Abrí hace unos días la sección de obituarios urbanísticos y debo incluir hoy el asesinato de la Plaza de Santa Bárbara, lo que en Madrid se conoce como Alonso Martínez. He paseado por allí varias veces esta semana y he tenido la impresión de encontrarme en el aparcamiento de un centro comercial de Alcobendas, o de cualquier otro lugar de la desquiciada periferia madrileña, donde, gane quien gane las elecciones, triunfa siempre la fealdad -resulta de la siguiente relación: a poco presupuesto, poca imaginación, luego monstruosidad, luego pobreza.
Sé que quienes no somos ni vascos ni catalanes no podemos manifestar nuestro amor por la patria chica, nuestra ciudad, y menos si se trata de Madrid, siempre confundida por los vampiros del nacionalismo con una actitud injustificada, sólo en virtud de la sinécdoque. Pero a mí me duele Madrid, y como dirían algunos filósofos que en menos de un siglo han envejecido como nunca lo hará Platón, me duele igual que "si la vida me fuera en ello".
Nunca he votado -ni podría- al Partido Popular, porque creo que España es un país de trabajadores en el que las condesas consortes deberían quedarse en casa viendo a la mucama enjabonar la porcelana. Pero es también un país con dificultades para reconocer la inteligencia, lo cual aprovechan algunos pastores de hombres para arrogarse derechos que sólo pueden corresponder a su fantasía, como lo es derecho a destruir lo que no pertenece sino a todos. Ese derecho imaginario deriva de la figura más singular de la democracia, la mayoría absoluta, que libera a los demócratas del Partido Popular de lo que temen con mayor agudeza: el acuerdo, el consenso, el respeto de la voluntad de los otros... Si para el nazismo era derecho todo lo que convenía al pueblo, para el Partido Popular conviene al pueblo todo lo que hagan sus dirigentes con la mayoría absoluta. Obsérvese que el Partido Popular apenas puede gobernar en algún sitio sin ella, puesto que casi todas las demás formaciones políticas encuentran repugnante su asociación.

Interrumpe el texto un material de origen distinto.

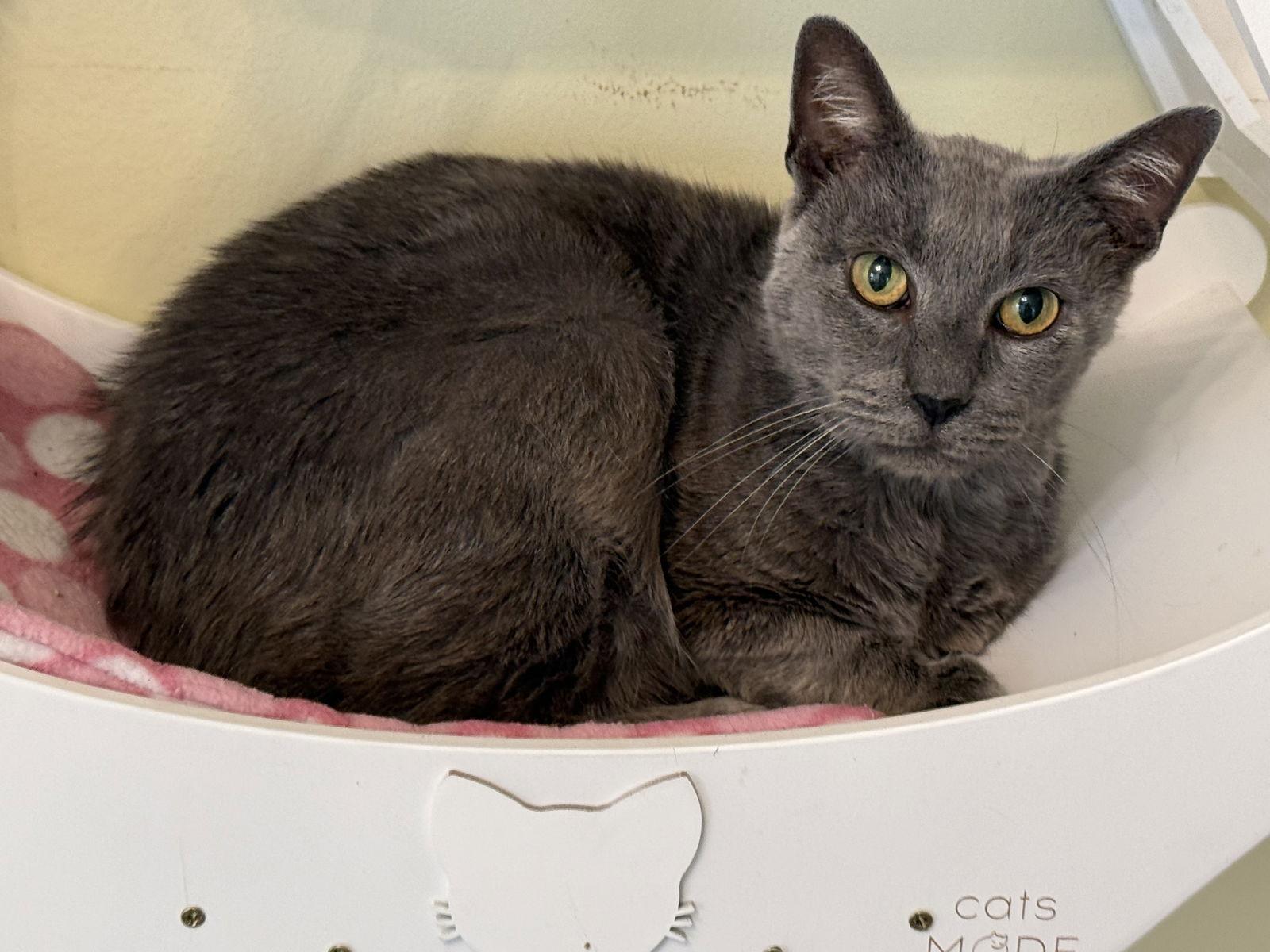 Root Beer, a Adoptable mixed breed in Hockessin, DE image 2/3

Hace años, cuando la ciudad la maltrataba aquel Álvarez del Manzano que tanto amaba a su esposa, la transformación de la Plaza de Olavide en un corral de rodeo llevó a sus vecinos a presentar tan serias amenazas que tuvo que rectificarse y ser devuelta a su estado original, más burgués y castizo -así es Chamberí-. Respecto de Álvarez del Manzano, conviene recordar que, si de algunos dirigentes del Partido Popular no sabemos si se pagan o no los trajes, de otros no supimos cómo pagaban los viajes... de la amadísima esposa.

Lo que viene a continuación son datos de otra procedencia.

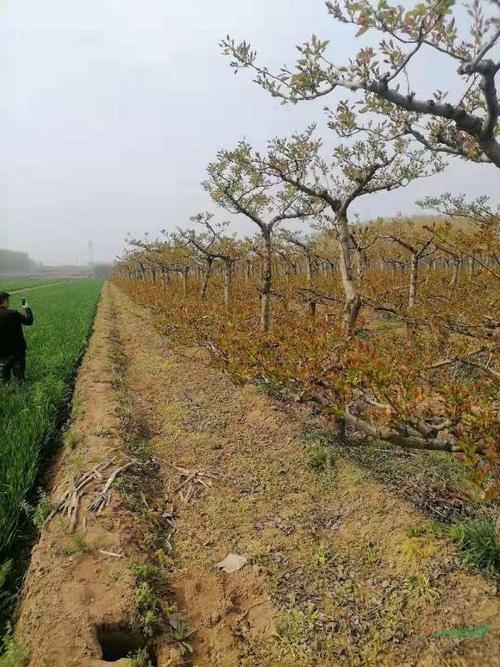 山楂树造型山基地_种植厂家_产地报价单_绛县景森苗木种植专业合作社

Silenciosamente, la falta de respuesta por parte de la ciudadanía es una puerta abierta a que continúe el asesinato del espacio urbano, que no es propiedad de ningún Gobierno. Como el derecho a la belleza es inalienable, y ya decía Erasmo que la vida no merece la pena sin deleite, o el pueblo de Madrid despierta de su negligencia para con la intimidad de su entorno, o terminaremos confundiendo nuestras avenidas con las pistas de un aeropuerto; y, por el momento, lo demás ya lo tenemos.